## Activity
Output all of the data below without changing a word, and exclude the pictures.

## Data extract
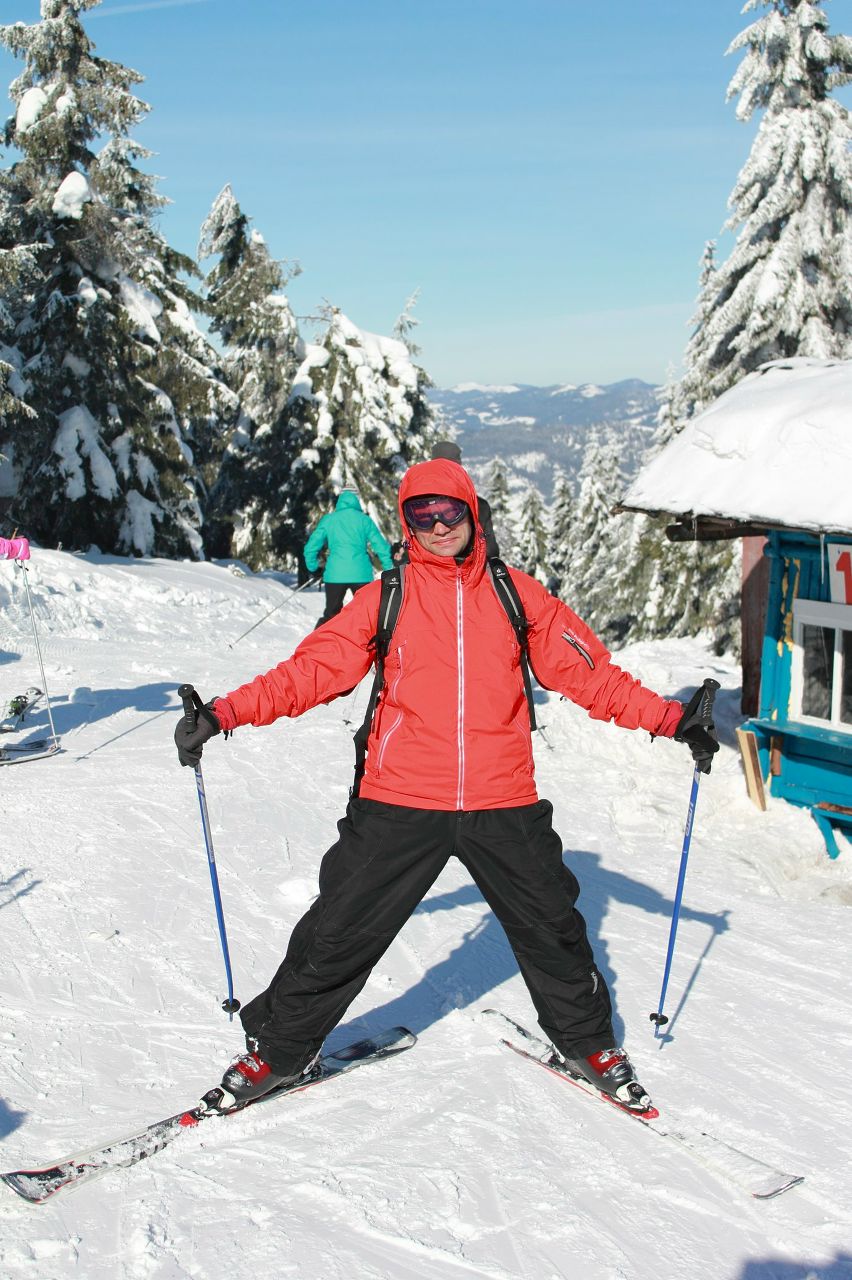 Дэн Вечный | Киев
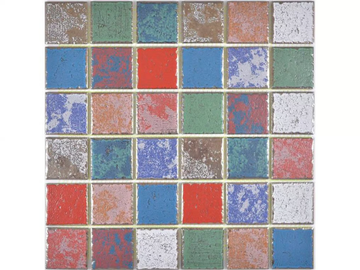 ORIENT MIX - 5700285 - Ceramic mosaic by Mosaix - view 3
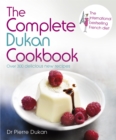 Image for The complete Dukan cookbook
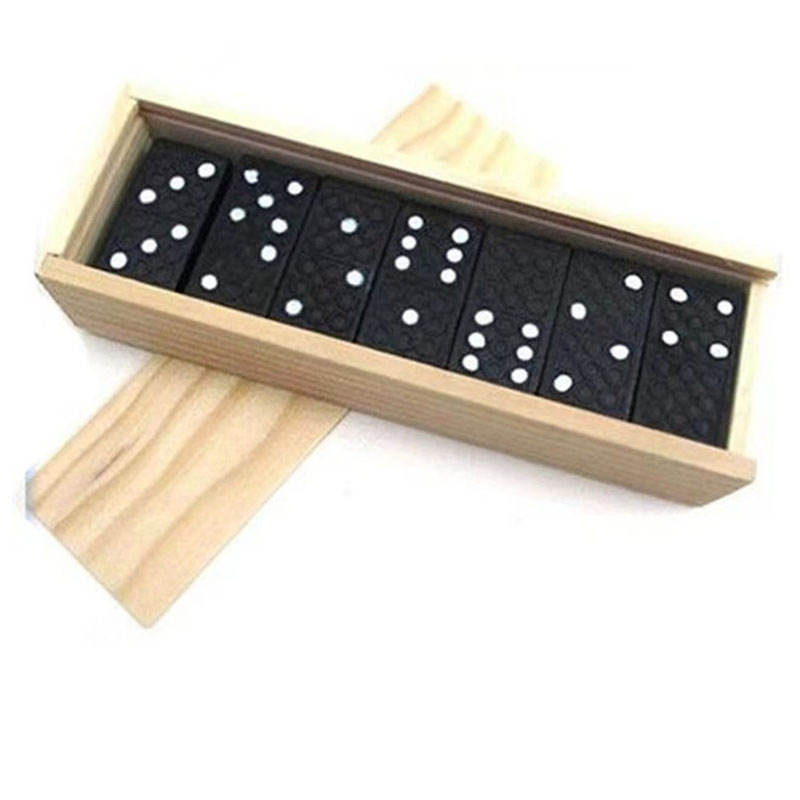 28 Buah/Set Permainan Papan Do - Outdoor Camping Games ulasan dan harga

## Solution to the exercise
 Дэн Вечный | Киев
 ORIENT MIX - 5700285 - Ceramic mosaic by Mosaix - view 3
 Image for The complete Dukan cookbook
 28 Buah/Set Permainan Papan Do - Outdoor Camping Games ulasan dan harga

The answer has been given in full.